Una casa che vale poco si può pignorare?

> Diritto e Fisco Pubblicato il 17 aprile 2017



Il pignoramento immobiliare, se svolto da un creditore privato, non ha limiti di importo; invece, il pignoramento immobiliare avviato dal Fisco (Agenzia delle Entrate) deve rispettare dei limiti.

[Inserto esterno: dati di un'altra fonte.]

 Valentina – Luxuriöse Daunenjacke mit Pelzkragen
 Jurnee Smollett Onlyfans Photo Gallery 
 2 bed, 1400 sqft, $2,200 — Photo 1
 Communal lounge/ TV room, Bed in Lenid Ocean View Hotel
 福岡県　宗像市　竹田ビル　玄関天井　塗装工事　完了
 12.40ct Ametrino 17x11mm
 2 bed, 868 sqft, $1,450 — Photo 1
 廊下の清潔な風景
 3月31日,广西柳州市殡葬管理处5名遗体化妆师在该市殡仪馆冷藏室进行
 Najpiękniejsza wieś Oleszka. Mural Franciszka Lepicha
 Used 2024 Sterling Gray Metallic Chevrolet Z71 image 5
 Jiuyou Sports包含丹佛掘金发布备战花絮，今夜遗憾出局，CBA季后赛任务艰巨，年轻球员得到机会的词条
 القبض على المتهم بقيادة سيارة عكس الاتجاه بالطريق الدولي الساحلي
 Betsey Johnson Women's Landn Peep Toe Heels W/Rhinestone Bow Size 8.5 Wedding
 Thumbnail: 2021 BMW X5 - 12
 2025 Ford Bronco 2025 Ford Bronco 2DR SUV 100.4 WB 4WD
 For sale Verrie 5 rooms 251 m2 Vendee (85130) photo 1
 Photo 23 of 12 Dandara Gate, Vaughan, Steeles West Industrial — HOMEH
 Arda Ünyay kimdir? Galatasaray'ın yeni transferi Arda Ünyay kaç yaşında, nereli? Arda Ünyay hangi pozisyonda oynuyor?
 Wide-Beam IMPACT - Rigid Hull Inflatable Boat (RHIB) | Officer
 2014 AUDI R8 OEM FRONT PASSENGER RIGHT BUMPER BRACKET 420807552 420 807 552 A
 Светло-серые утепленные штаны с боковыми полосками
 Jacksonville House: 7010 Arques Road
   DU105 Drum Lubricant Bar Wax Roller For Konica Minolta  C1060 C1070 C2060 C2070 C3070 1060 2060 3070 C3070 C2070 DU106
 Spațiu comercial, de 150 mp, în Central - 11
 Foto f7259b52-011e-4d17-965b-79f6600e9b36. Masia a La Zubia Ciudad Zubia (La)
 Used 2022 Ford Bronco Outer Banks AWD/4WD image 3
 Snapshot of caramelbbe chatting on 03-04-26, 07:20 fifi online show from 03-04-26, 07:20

Non esistono limiti da rispettare per avviare un pignoramento sulla casa del debitore: salvo alcune forme e garanzie imposte dal codice di procedura civile, la legge non prevede barriere al valore del credito o dell’immobile da mettere all’asta. Salvo che il creditore si chiami Fisco. Se, infatti, in linea generale, una casa che vale poco si può pignorare, non è così se, invece, ad avviare l’esecuzione forzata è l’Agente della riscossione.

Di tutti i paletti imposti al pignoramento della casa abbiamo già parlato nell’articolo Quando il fisco può pignorare la casa. In questa sede, però, ci occuperemo in modo più specifico della possibilità di pignorare una casa che vale poco.

Qualora il pignoramento immobiliare sia avviato da un privato, questi ha solo l’obbligo di rispettare le procedure imposte dalla legge (legge che impone una distinta sequela di atti: notifica dell’atto di precetto e dell’atto di pignoramento a tutti i debitori e ai contitolari dell’immobile; deposito della documentazione ipocatastale in tribunale; nomina di un perito per la valutazione dell’immobile; vendita all’asta secondo le procedure decise dal giudice dell’esecuzione).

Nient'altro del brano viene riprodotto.